Frequently Asked Questions
I’ve been using the Batch Learning PR and am thinking of switching to the Learning Framework.
The Learning Framework is similar in style to the Batch Learning PR, and offers many similar features, but also differs in some ways. If you are considering switching from using the Batch Learning PR, there are several ways in which you will find the new PR different, and will need to change your application:
- Relation extraction is not explicitly supported, so in order to do this using the Learning Framework, you’d have to do more work to piece together the task from separate classification steps;
- The Batch Learning PR allowed a combined NER/classification task in which entities are not only located but also classified. In the Learning Framework, you’ll have to do this as separate tasks, either by learning each type as a separate NER task (recommended) or by doing NER then classifying your entities.
- Training and application are now split into separate PRs. You’ll need to pick the right one for the task you are doing.
- The configuration file is similar in style but different in some ways. Many settings are now runtime parameters, so you will need to include these in your app. Aside from that, some of the feature specifications will require small edits. Aside from relations features, everything is included, but in some cases, differently specified;
- If you want to use PAUM, the Batch Learning PR remains the only implementation;
- Evaluation is differently implemented in the Learning Framework PR. Classification accuracy is provided, facilitating parameter tuning, using both cross-validation and hold-out methods, but task evaluation is left to other GATE tools to provide, for example the Corpus QA.
My learner is slow/isn’t working very well/isn’t working at all/etc. ..?
You may have set your parameters up incorrectly, for example not having class and feature annotations in the same set, and indicating that set correctly to the PR. Use the Export PR to export to ARFF and have a look at the training set it generates.
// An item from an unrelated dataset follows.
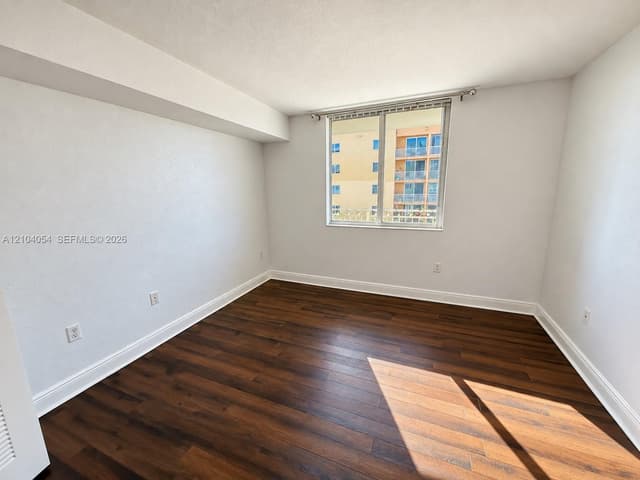 219 NW 12th Ave # 705, Miami FL 33128 - Miami, FL - Photo 6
Looking at the ARFF can often reveal if the feature set you are generating isn’t what you intended, as well as deepening your understanding of what you are doing.
You may have learned a poor classifier. SVM in particular may perform badly unless you tune parameters such as cost. You may have insufficient training data or inadequate features. Would you be able to do this task given those features and those training examples? You may find it easier and faster to experiment in Weka, by uploading your exported ARFF. If you use algorithms in Weka that are also included in the Learning Framework PR, then the results you obtain about the best parameter settings should transfer back into GATE for that same algorithm. Feature selection can be valuable.